Supplied data —

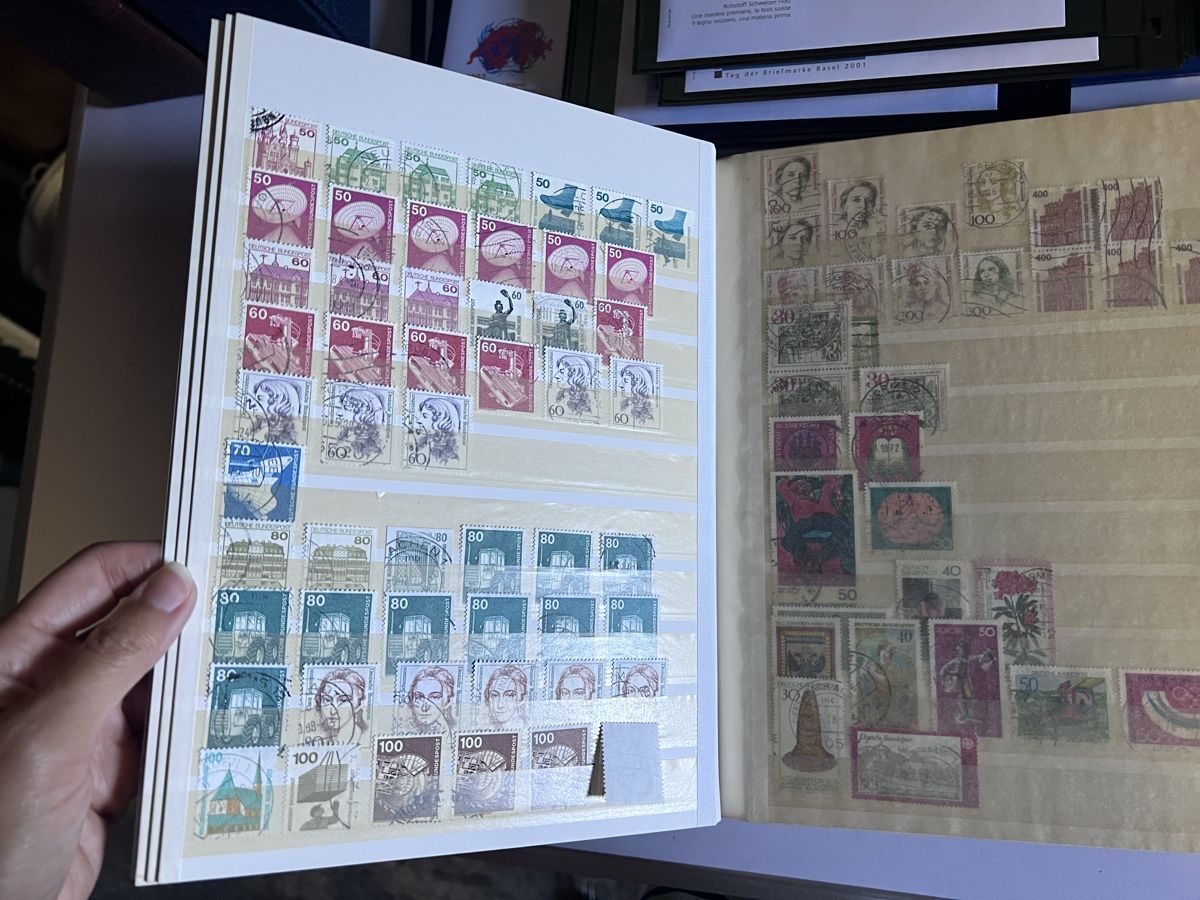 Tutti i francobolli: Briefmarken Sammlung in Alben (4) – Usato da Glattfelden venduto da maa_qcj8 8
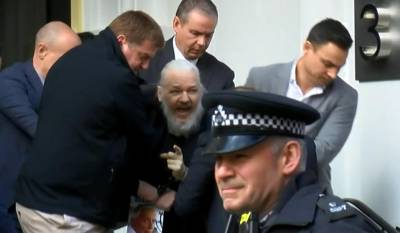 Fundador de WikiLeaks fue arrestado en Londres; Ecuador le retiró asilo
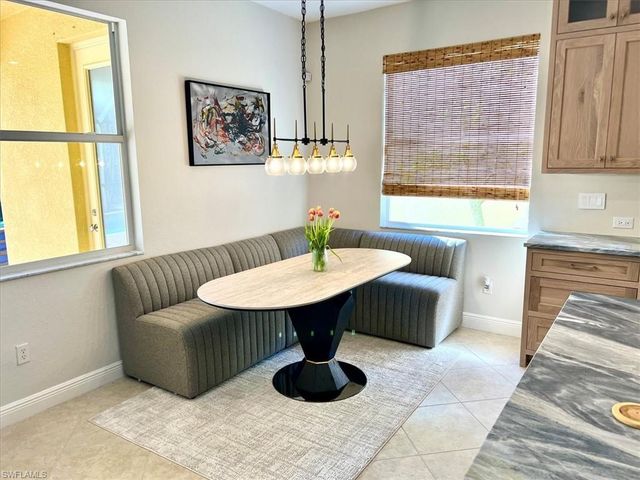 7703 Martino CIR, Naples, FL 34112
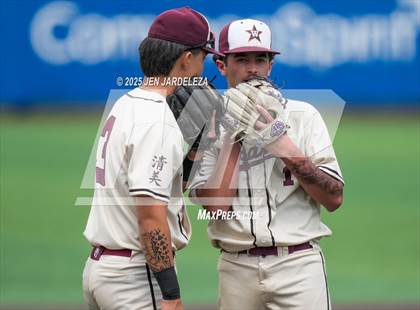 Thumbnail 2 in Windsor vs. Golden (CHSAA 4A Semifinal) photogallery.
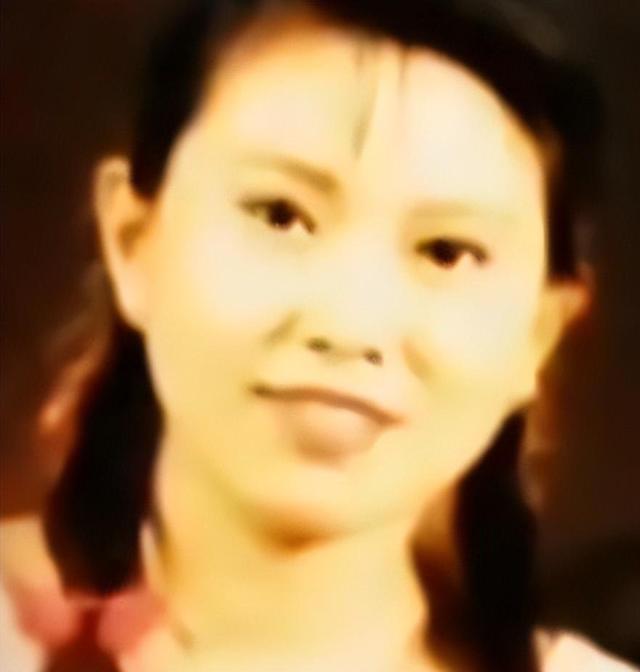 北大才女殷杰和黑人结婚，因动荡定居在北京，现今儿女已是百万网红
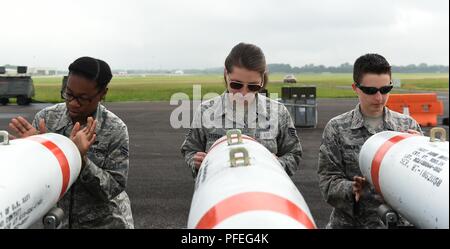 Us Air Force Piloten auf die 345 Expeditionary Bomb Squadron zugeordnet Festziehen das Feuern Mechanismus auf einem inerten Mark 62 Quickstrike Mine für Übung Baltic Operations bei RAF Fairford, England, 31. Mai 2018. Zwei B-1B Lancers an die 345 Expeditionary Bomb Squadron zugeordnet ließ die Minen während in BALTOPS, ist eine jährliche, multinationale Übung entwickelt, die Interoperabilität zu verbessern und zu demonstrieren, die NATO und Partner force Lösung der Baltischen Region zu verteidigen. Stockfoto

Problem requirements —
Every line from the one with "Thumbnail 2 in" through the one with "北大才女殷杰和黑人结婚，因动荡定居在北京，现今儿女已是百万网红" is to be reproduced exactly as written above, and the pictures are to be dropped.

Response —
 Thumbnail 2 in Windsor vs. Golden (CHSAA 4A Semifinal) photogallery.
 北大才女殷杰和黑人结婚，因动荡定居在北京，现今儿女已是百万网红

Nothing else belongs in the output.